**TASK PROMPT:**
Retype the records word for word. Skip every image.

[Start of section]

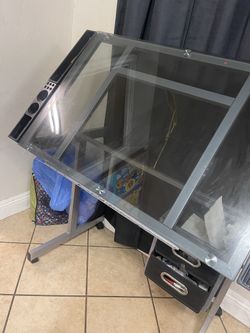 Art Desk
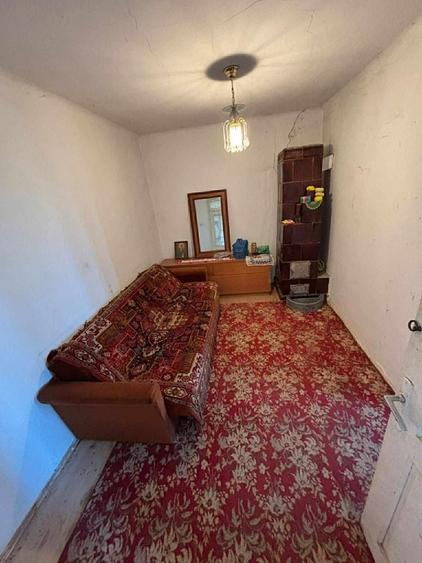 Casă cu 3 camere în Central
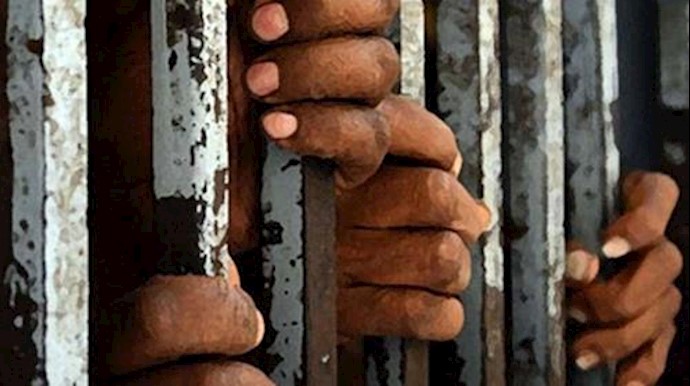 Government raids on Idlib prison, the opposition bombs Al-Nayrab airport
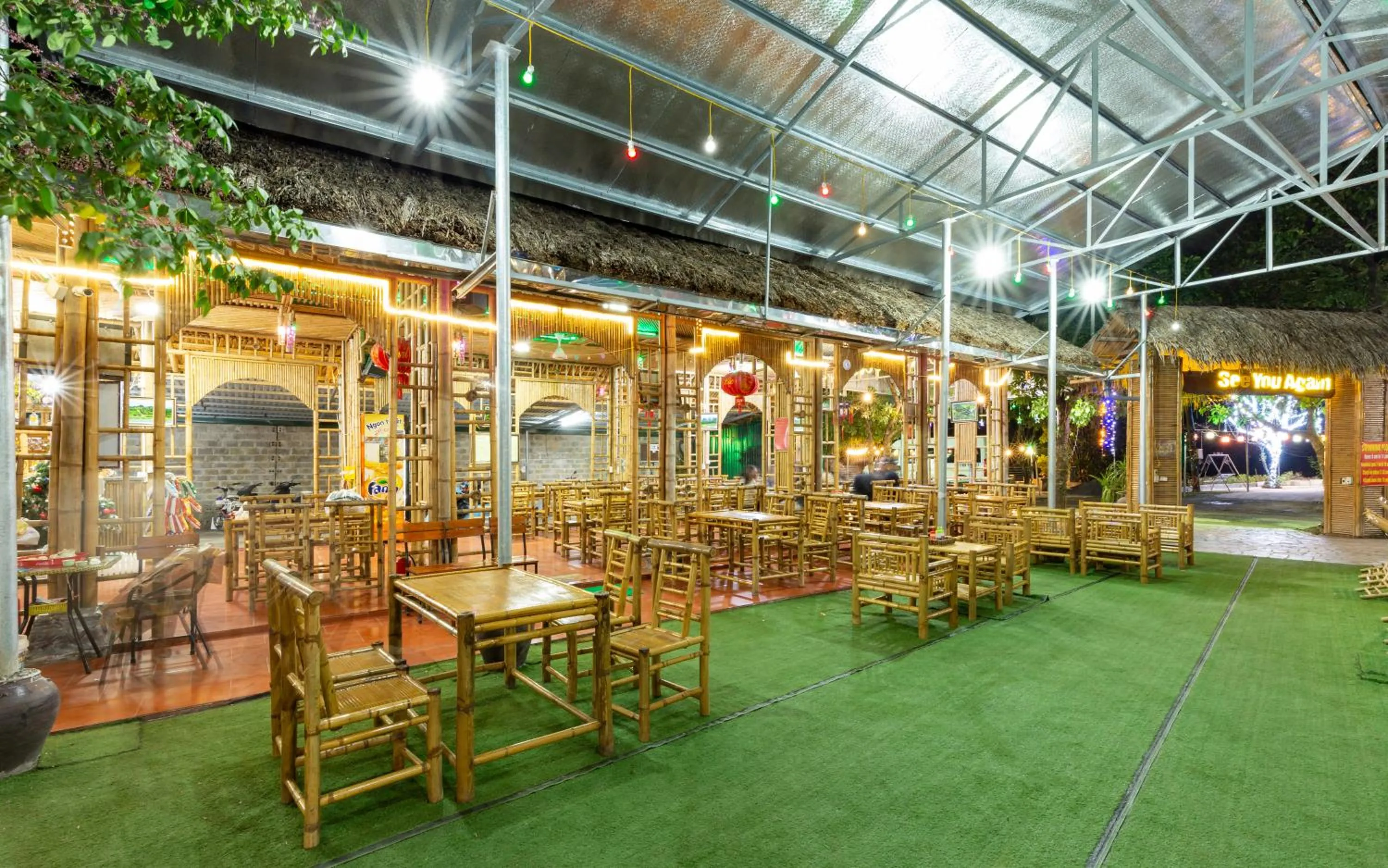 Restaurant/places to eat in Trang An River View Homestay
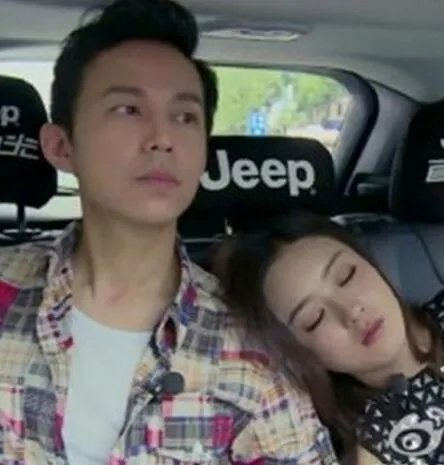 何炅丽颖在一起激吻 快来看看到底是怎么回事吧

[End of section]

**TASK RESULT:**
 Art Desk
 Casă cu 3 camere în Central
 Government raids on Idlib prison, the opposition bombs Al-Nayrab airport
 Restaurant/places to eat in Trang An River View Homestay
 何炅丽颖在一起激吻 快来看看到底是怎么回事吧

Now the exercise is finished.